The incidence matrix is a sparce matrix which has:

• the number of rows equal to \(n_q\), the number of flow rates \(q_k\);

• the number of columns equal to \(n_{\theta}\), the number of temperature nodes \(\theta_j\).

# Incidence matrix
# ================
A = np.zeros([nq, nθ])

# q0 ... q3 (cyan branches)
A[0, 0] = 1
A[1, 1] = 1
A[2, 5] = 1
A[3, 7] = 1

# q4 ... q7 (blue branches)
A[4, 0], A[4, 3] = -1, 1
A[5, 1], A[5, 2] = -1, 1
A[6, 4], A[6, 5] = -1, 1
A[7, 7], A[7, 6] = -1, 1

# q8 ... q12 (yellow branches)
A[8, 2], A[8, 3] = -1, 1
A[9, 3], A[9, 4] = -1, 1
A[10, 6], A[10, 2] = -1, 1
A[11, 6], A[11, 3] = -1, 1
A[12, 6], A[12, 4] = -1, 1

# q13 ... q15 (green branches)
A[13, 3] = 1
A[14, 3], A[14, 6] = -1, 1
A[15, 6] = 1

# q16 ... q19 (red branches)
A[16, 2] = 1
A[17, 3] = 1
A[18, 4] = 1
A[19, 6] = 1

Conductances

The number of conductances correspond to the number of flows which is the number of rows of incidence matrix \(A\)

# Conductance matrix
# ==================
G = np.zeros(A.shape[0])

Exterior walls: outdoor convection

The conductances of convection between the walls and the outdoor air (in cyan in Figures 2 and 3) are of the form

\[G_i = h_o \, S_{o,k},\text{ with } k = 0 ... 3\]

where \(S_{o,k}\) is the surface area of the wall in contact with the outdoor air:

• \(S_{o,0} = L \, H\);

• \(S_{o,1} = S_{o,2} = (L + l) H\);

• \(S_{o,3} = (2l + 3L + 2w)H\).

# G0 ... G3 (cyan branches): outdoor convection
L4 = 2 * l + 3 * L + 2 * w      # length outdoor wall room 4
So = np.array([L, L + l, L + l, L4]) * H    # outdoor surfaces
G[0:4] = ho * So

Exterior walls: conduction and indoor convection

The equivalent conductance for conduction in the wall and convection between the wall and the indoor air (in blue in Figure 3) is:

\[G_k = \frac{1}{\frac{w}{\lambda} + \frac{1}{h_i}}S_{o,j},\text{ with } k = 4 ... 7, j = 0 ... 3\]

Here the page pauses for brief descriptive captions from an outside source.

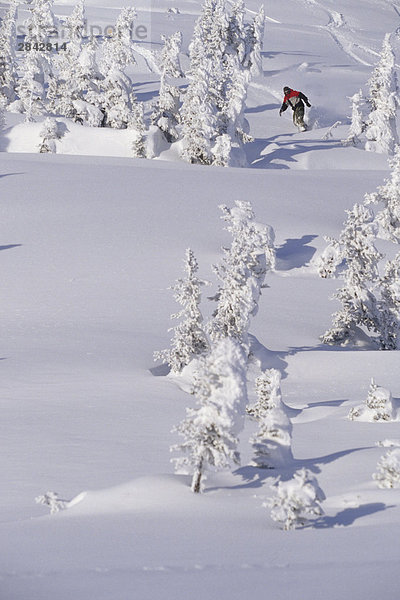 Ein Snowboarder machen eine neue Zeile in die Lichtungen im Hinterland in Smithers  British Columbia.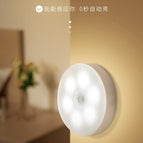 Con Switch Induction + Constant Bright + White Light / 1w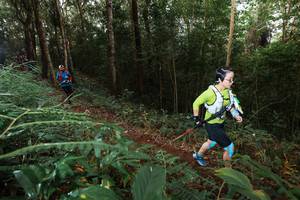 BIB: 
                            <button type="button" onclick="openModal(22464276)" class="btn btn-primary btn-sm float-right btn-popup" data-toggle="modal" data-target=".modal-high-quality">
                        <i class="fas fa-shopping-cart"></i> Add to Cart
                    </button>
                                            <button type="button" onclick="isThisMe(22464276, true)" class="btn btn-success btn-sm float-right btn-popup btn-isme hidden" data-toggle="tooltip" data-placement="bottom" title="นี่คือรูปของคุณใช่ไหม คลิกที่นี่เพื่อเอาเข้าอัลบั้ม">
                        <i class="fas fa-plus"></i> Add to album
                    </button>
                    <button type="button" onclick="isThisMe(22464276, false)" class="btn btn-warning btn-sm float-right btn-popup btn-isnotme hidden">
                        <i class="fas fa-ban"></i> Remove from album
                    </button>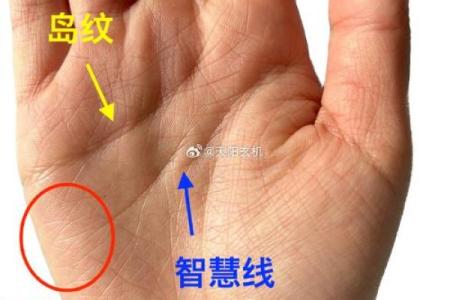 手相揭秘：掌控运势的神秘掌中官运线，揭秘你的富贵命格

# G4 ... G7 (blue branches): conduction, indoor convection
G[4:8] = 1 / (w / λ + 1 / hi) * So

Interior walls: indoor convection, conduction indoor convection

The equivalent conductance for the indoor walls is formed by the (yellow in Figures 2 and 3):

• convection between wall and indoor air;

• conduction into the wall;

• convection between wall and indoor air.

It is of the form:

\[G_k = \frac{1}{\frac{1}{h_i} + \frac{w}{\lambda} + \frac{1}{h_i}}S_{i,j}, \text{ with } k = 8 ... 12, \text{ and } j = 0 ... 4\]

where \(S_{i,j}\) is the surface area of the wall in contact with the indoor air:

• \(S_{i,0} = S_{i,1} = l \, H\);

• \(S_{i,2} = S_{i,3} = S_{i,4} = L \, H\).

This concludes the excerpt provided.